If the orange is a one, it is fresh so we will add it to the fresh list.

                if grid[row][col] == 1:
                    fresh[(row,col)] = True

 

If the orange is a two, it is rotten so we will add it to the rotten list.

                if grid[row][col] == 2:
                    rotten[(row,col)] = True

 

Then, while the length of the fresh dictionary is greater than zero, we still have fresh oranges we are waiting to rot.

        while len(fresh) > 0:

 

We'll make a new list of infected oranges that are fresh oranges that are neighbors to the rotten oranges that we know are about to become rotten.

            infected = {}

 

Now we'll continuously look through each orange in the rotten list.

            for orange in rotten:

 

The row and column coordinates of each matrix cell are the first and second index, respectively.

                row, col = orange[0], orange[1]

 

We'll use each orange in the rotten list's row and column values to see where each neighbor is.  This gives us the coordinates of each neighbor one column to the right, one row down, one column to the left, and one row up.

                for neighbor in neighbors:
                    next_row = row + neighbor[0]
                    next_col = col + neighbor[1]

 

If we find those coordinates in the fresh list, that means we have a fresh neighbor that is by a rotten orange, so it is now infected.

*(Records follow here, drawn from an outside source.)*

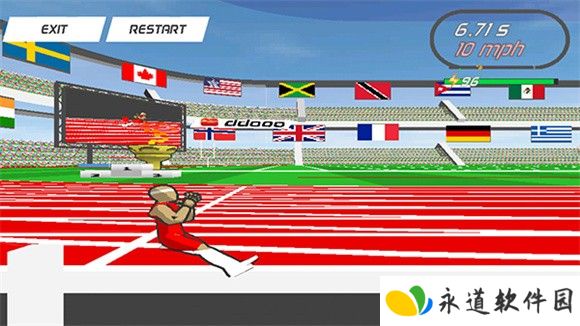 速度之星2.42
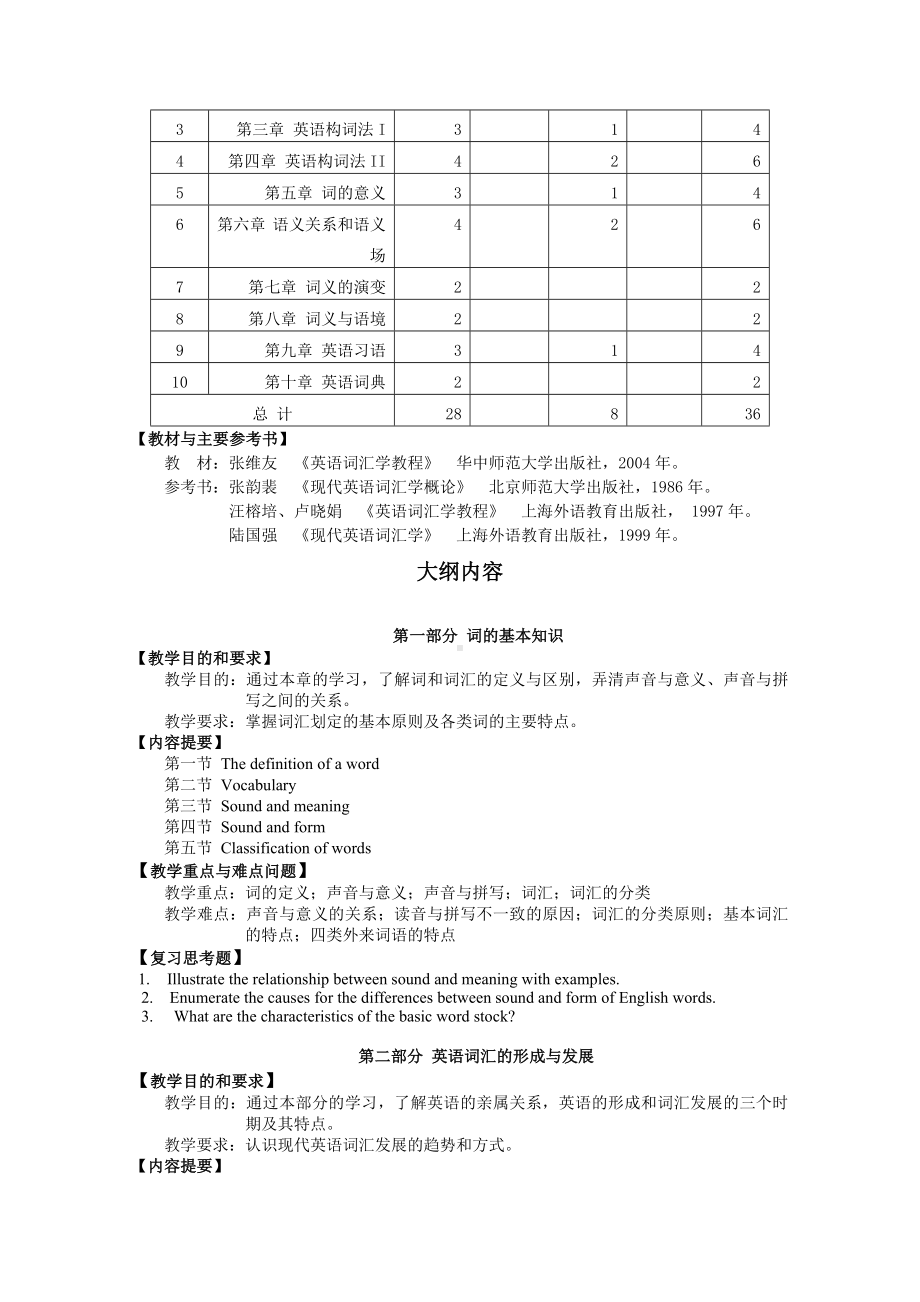 《英语词汇学》课程教学大纲.doc_第2页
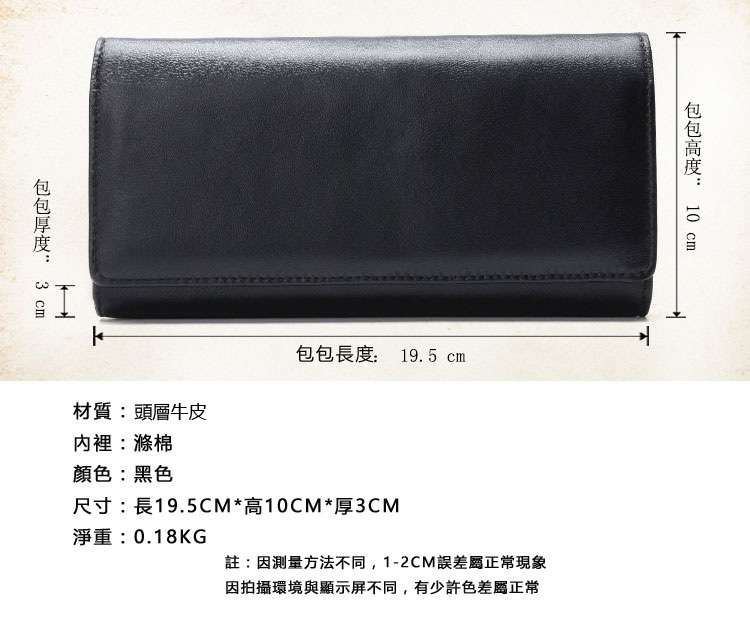 新款男士頭層牛皮長款錢包 韓版休閑真皮手拿包 男士雙層手包 真皮手抓包男包  真皮包包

                    if (next_row, next_col) in fresh:

 

If that is the case, we will delete it from the fresh list and add it to the infected list.

                    if (next_row, next_col) in fresh:
                        del fresh[(next_row, next_col)]
                        infected[(next_row, next_col)] = True

 

At this point, if we have no infected oranges, we had no fresh oranges that were right by rotten oranges, in which case the rest of our oranges aren't going to become rotten.

If that is the case, we will return a negative one to signify that the rotting of all oranges is impossible.

            if not infected:
                return -1

 

If not, our batch of infected oranges is going to be rotten and another minute will elapse each time we go through this process.

            rotten = infected
            minutes += 1

 

Once we have no more fresh oranges, that means they have all become rotten so we will return the number of minutes, the number of iterations, that had to pass before they all got infected and became rotten.